Украинские диссиденты открыли Украину для интеллектуалов и политиков Запада больше, чем все певцы социалистической отчизны, вместе взятые. И больше, чем диссиденты, это могли бы сделать в обычных домашних условиях, «на свободе». Потому что там приходилось приспосабливаться к полусвободе. Только слово, напоенное страданием и любовью, находит родственные души. Переписка Валерия Марченко с итальянской девушкой Сандрой, переписка Зиновия Красовского с американской девушкой Айрис Акагоши и другие аналогичные факты перекликания над бездной — это поражающие документы времени.

Кремлевские ихтиозавры были ослеплены ненавистью и не понимали, что закапывают украинское семя и затаптывают его, но не навсегда, а только до весны, которая не за горами. Первый перевал — в 1991 году, второй — в 2004-ом.

Януковичи ныне отменили праздник Свободы. Это смешно. Мы к этому празднику слишком долго шли, чтобы можно было его зачеркнуть чьей-то подписью.
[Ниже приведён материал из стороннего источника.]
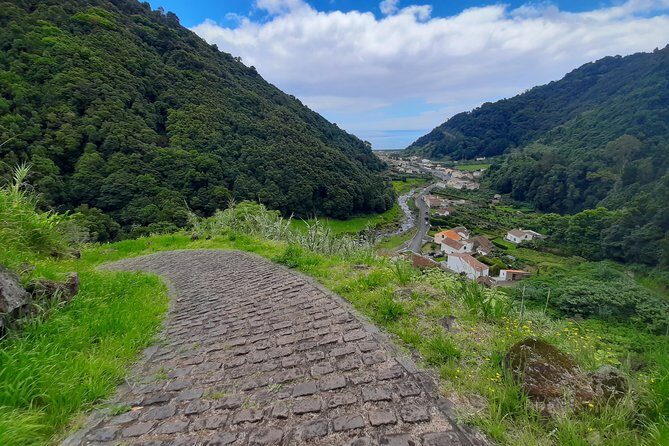 Sanguinho hike, Salto do Prego Waterfall and Furnas hotsprings - Discovering São Miguel’s Natural and Cultural Marvels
Более того, в этом празднике — важный этап национального самоосознания. Для Украины — это главный праздник.

В настоящее время молодые журналисты спрашивают: «Знали ли вы, что вас арестуют?» «Как вы отнеслись к вашему аресту?» «Был ли у вас другой выход»?

Им отвечают, что информация о приближении обысков и арестов была известна. Что каждый готовился к обыскам. Что в настоящее время я сделал бы тот же выбор.

Здесь есть определенные натяжки. Сказать правду, никто из покоса 1972 года не хотел дать повода к аресту. Каждый доказывал, что не нарушал уголовный кодекс. Никто не хотел идти в тюрьму и ставить под удар свою семью. Но шли твердым шагом.

Следовательно, в операции «блок» были признаки государственного бандитизма: кагебисты хватали людей, которые работали легально и в течение многих лет выступали откровенно со своими взглядами. Мы ничем не спровоцировали аресты, напротив, то в их головах случилось «короткое замыкание», и они объявили «особо опасными государственными преступниками» людей, которые думали, говорили и писали откровенную правду, которую при коммунизме принято скрывать.

«Зачем же вооруженный конвой?»

«Вы не согласны с моим мнением».

«Каких не пропускает ваша цензура? У вас же есть тысячи идейно проверенных академиков и докторов наук, то пусть они и разгромят ту горсточку поэтов и журналистов...»

«Вы говорите о себе!» — говорит прокурор.

«Хорошо, пусть они разгромят меня, разоблачат мою «клевету» и напишут свою правду...»

«Это мы и сделаем», — говорит прокурор.

«Но вы делаете это на закрытом суде, где я один, а вас целая команда, включая конвой!»

Следовательно, если придерживаться правды, то у нас был лишь один выход: говорить дальше правду и расплачиваться за нее жизнью.

Я не вижу в этом особого героизма. За правду, за честь и достоинство всегда нужно платить.

Эти достоинства нуждаются в защитниках у каждого поколения. Без отважных защитников такие благородные творения культуры и духа тускнеют и уступают место потребительским иллюзорным ценностям. Корыстность покрывает жизнь, как коррозия. Соответственно, и жизнь опускается до банальности, неисторической по своей сути. Зерно должно сперва умереть и только потом прорастет. Эта евангельская истина вечно напоминает нам о суровых заповедях и суровых законах жизни.